SAP Sybase IQ: Text Mining and Case Ignore Property

August 22, 2013

The SAP Sybase IQ Unstructured Data Analytic (UDA) option extent the capabilities of SAP Sybase IQ to do text analysis (data mining). This option allow the creation of Character Large Objects (CLOB) and Binary Large Objects columns that are used to store and manipulate binary documents (like MS Excel, MS word, etc) and long text columns (filtered content of the binary objects).

To obtain insight from those CLOB, we need to index those columns and use string functions to retrieve, compare and extract information.

A case sensitive databases can:

  1. Add complexity to the mining process by means of requiring complex queries predicates and,
  2. Give place to omissions due to possible upper and lower case characters combination (erroneous or not).

There are several options that can be use to minimize the impact of case sensitivity during data mining, let see some of them:

  1. Use every possible combination of upper and lower case in the predicates of your queries (a lot of possibilities, not recommended).
  2. Use function in the predicate of the queries to convert the content of the column to upper or lower case before using a comparison operator.
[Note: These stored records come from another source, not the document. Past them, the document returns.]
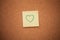 Heart note on cork board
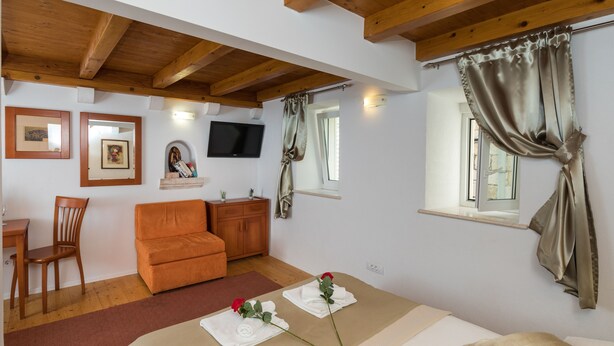 Quarto aconchegante com teto de madeira, um sofá, uma mesa pequena, uma televisão e uma janela com cortinas.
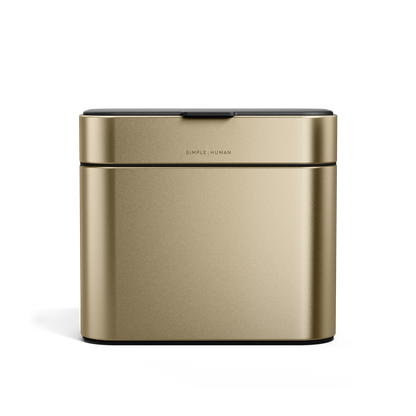 Simplehuman Brass Compost Caddy, tight front view showing odor-proof seal and magnetic latch.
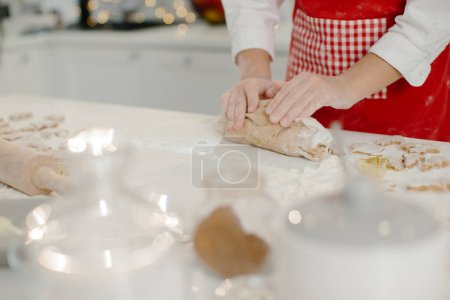 Foto de Primer plano de las manos de la niña amasando masa en la mesa de la cocina. - Imagen libre de derechos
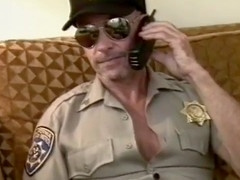 Sucking session in leather uniform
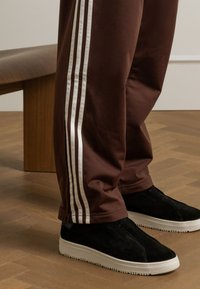 Braune Jogginghose mit weißen Seitstreifen, locker geschnitten und mit Reißverschluss an den Knöcheln. Kombiniert mit schwarzen Wildleder-Slippern mit weißen Sohlen.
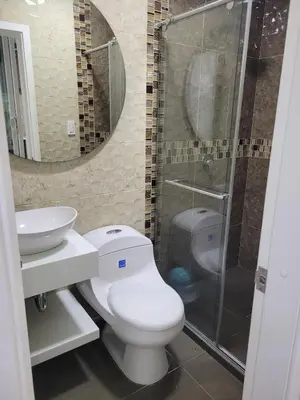 a bathroom with a toilet and a sink and a shower at Aparta estudio Malecón del Río in Barranquilla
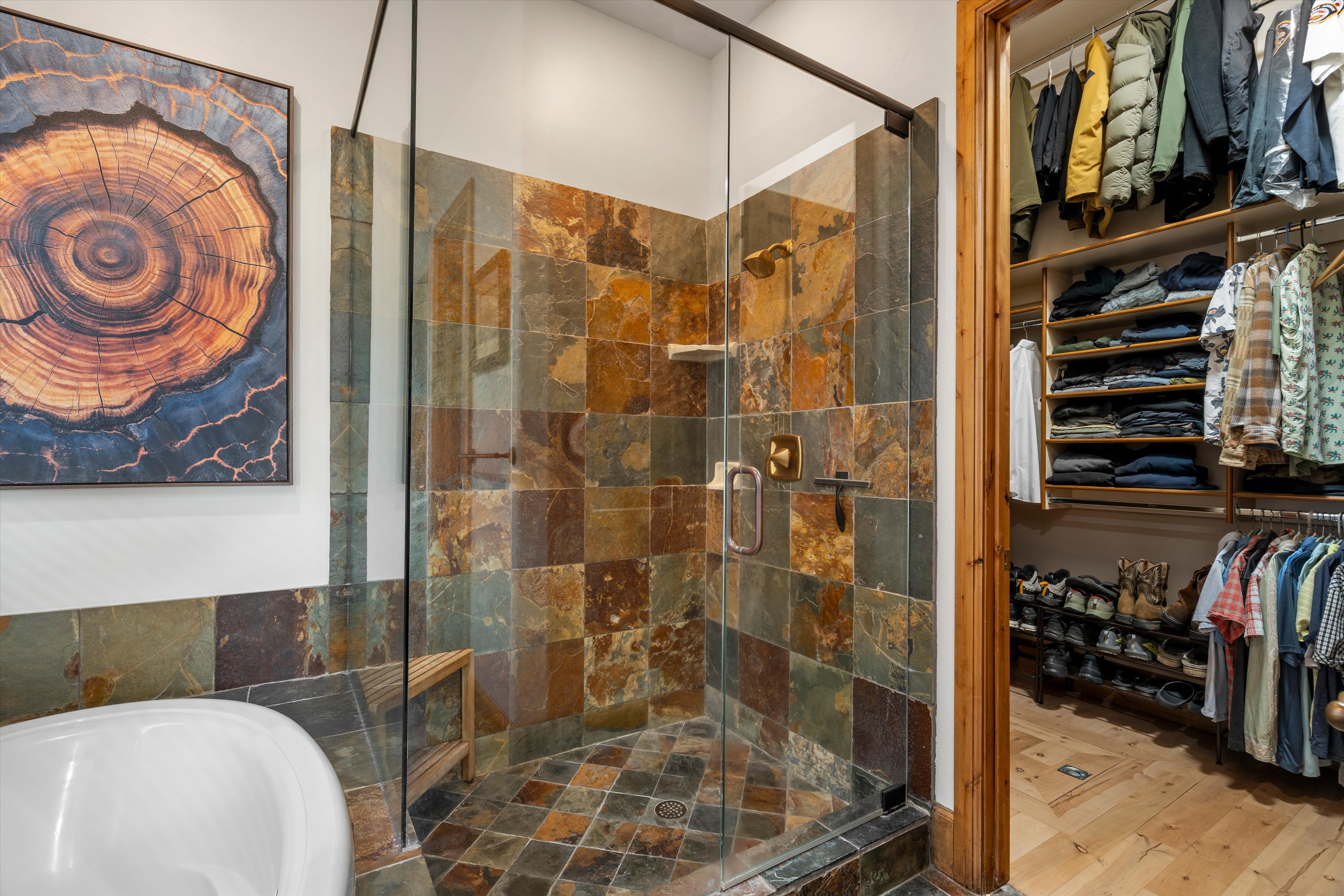 Walk-in shower featuring multi-toned slate tile, a glass enclosure, and a built-in wooden bench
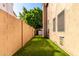 Spacious backyard featuring well-maintained artificial grass, perfect for outdoor activities and low maintenance living at 2226 E Beachcomber Dr, Gilbert, AZ 85234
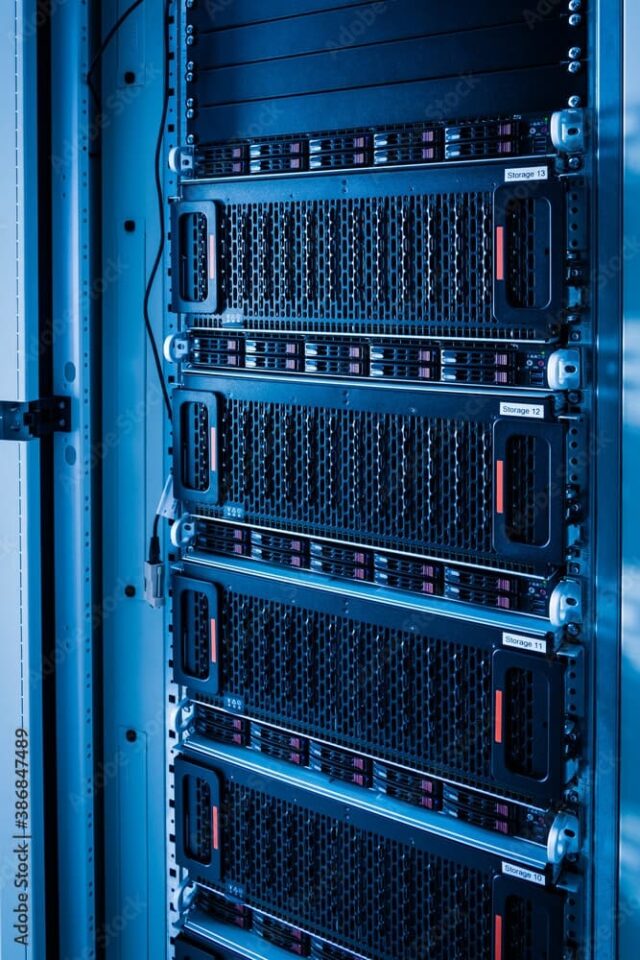 Close-up of a server rack with several stacked servers in a dimly lit room. Cables are visible to the left.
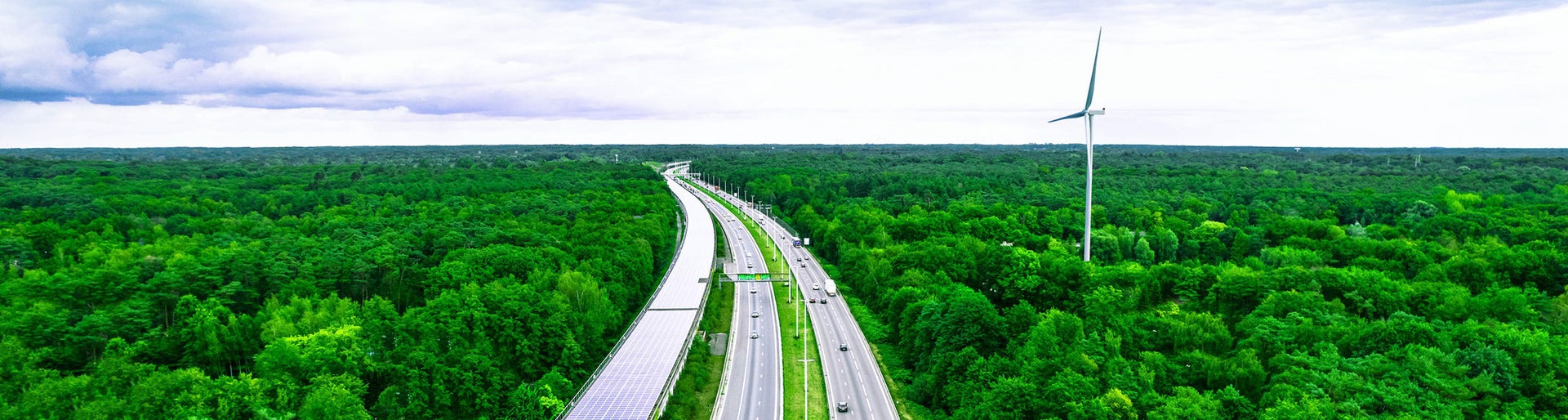 Aerial view taken with drone flying above multiple lane highway crossing luxuriant infinite forest with plain horizon, next to, the Peerdsbos railway tunnel covered with solar pannels with kilometers long. Antwerp. Belgium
    Select * from MyUser.Mytable
    Where lcase(mycolum) like ‘%term%’

    This work well for string columns that are not CLOB; the LCASE, UCASE, LOWER and UPPER function are not supported on CLOB data type columns.
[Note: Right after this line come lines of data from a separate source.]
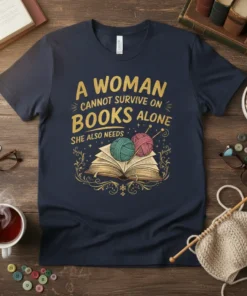 A WOMAN CANNOT SURVIVE ON BOOKS ALONE SHE ALSO NEEDS quote on a navy t-shirt with an open book and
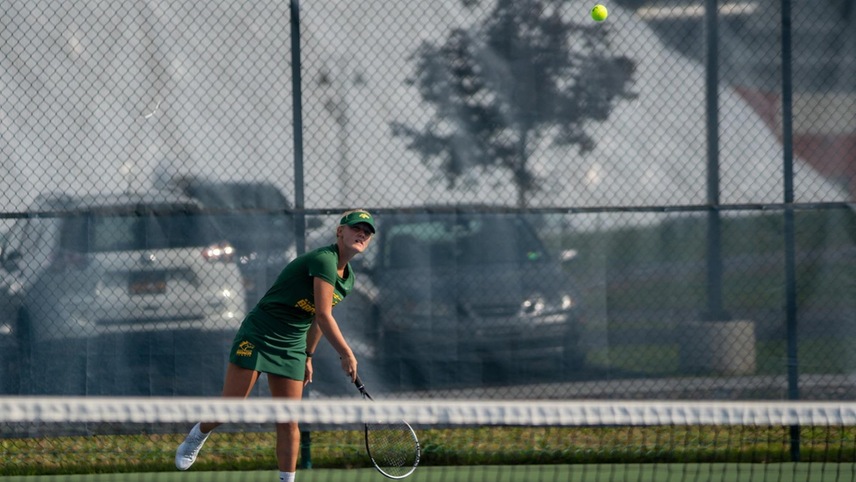 Madison Saleman sending a serve over the net.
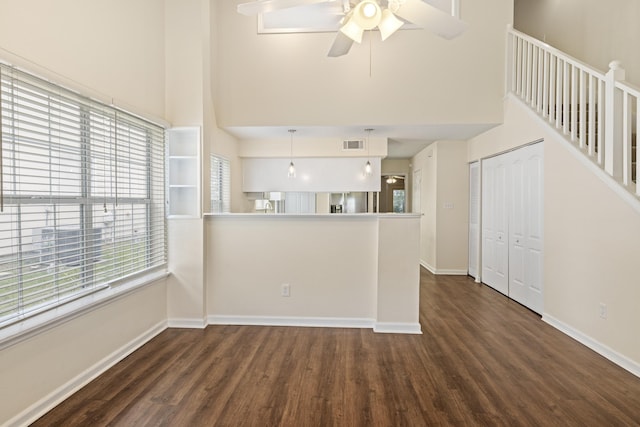 3068 Royal Palm Way, Tallahassee, FL 32309 - unfurnished living room with a towering ceiling, dark wood-type flooring, baseboards, and a ceiling fan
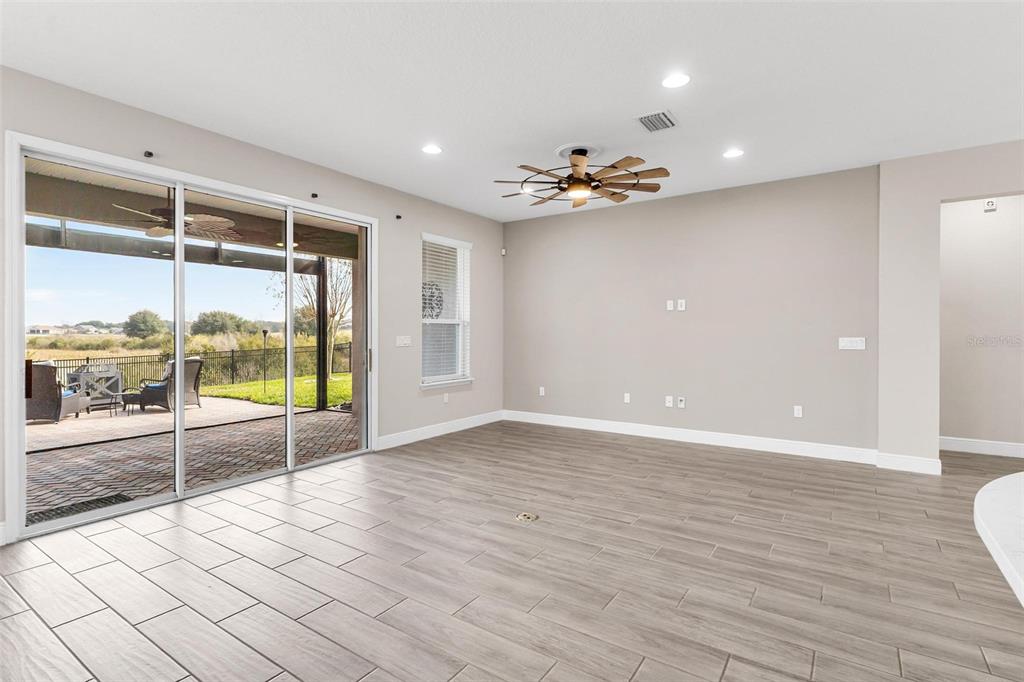 224 Silver Maple Road Groveland, FL 34736 - Photo 14 of 54 a view of an empty room with glass door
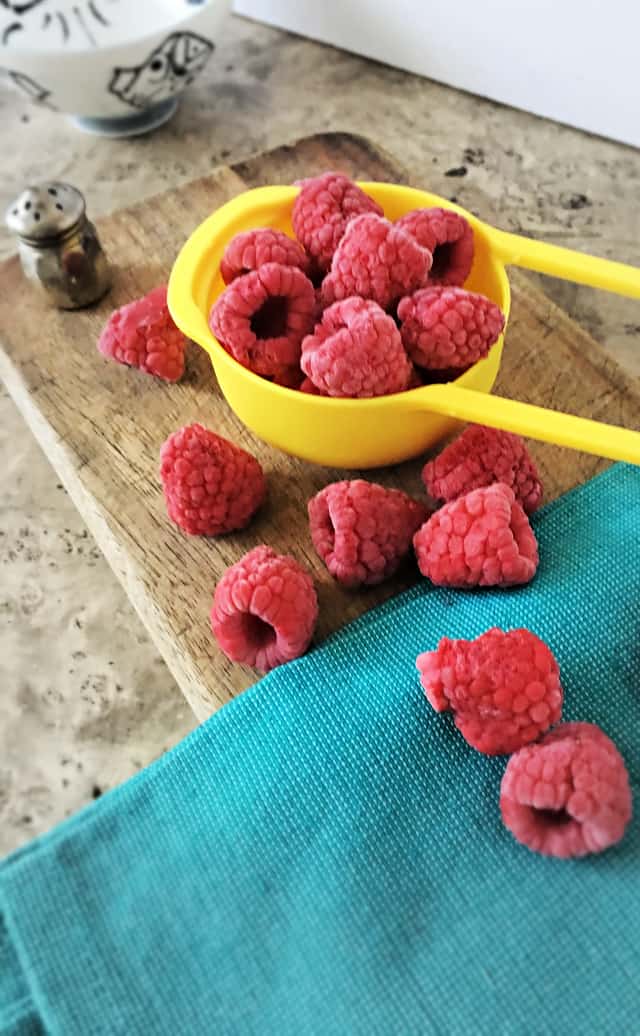 yellow half cup measure with raspberries on blue towel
  3. Convert the pre filtered text to upper or lower case before storing it on the CLOB column; use the same case in all the predicate of your queries.
  4. Create the database with the CASE IGNORE option; this option can not be changed after the database is been created.

If the SAP Sybase IQ database will be primary used for data mining and the case can be ignored, it is recommended to create the database with CASE IGNORE property; by default all SAP Sybase IQ database are created with CASE RESPECT property.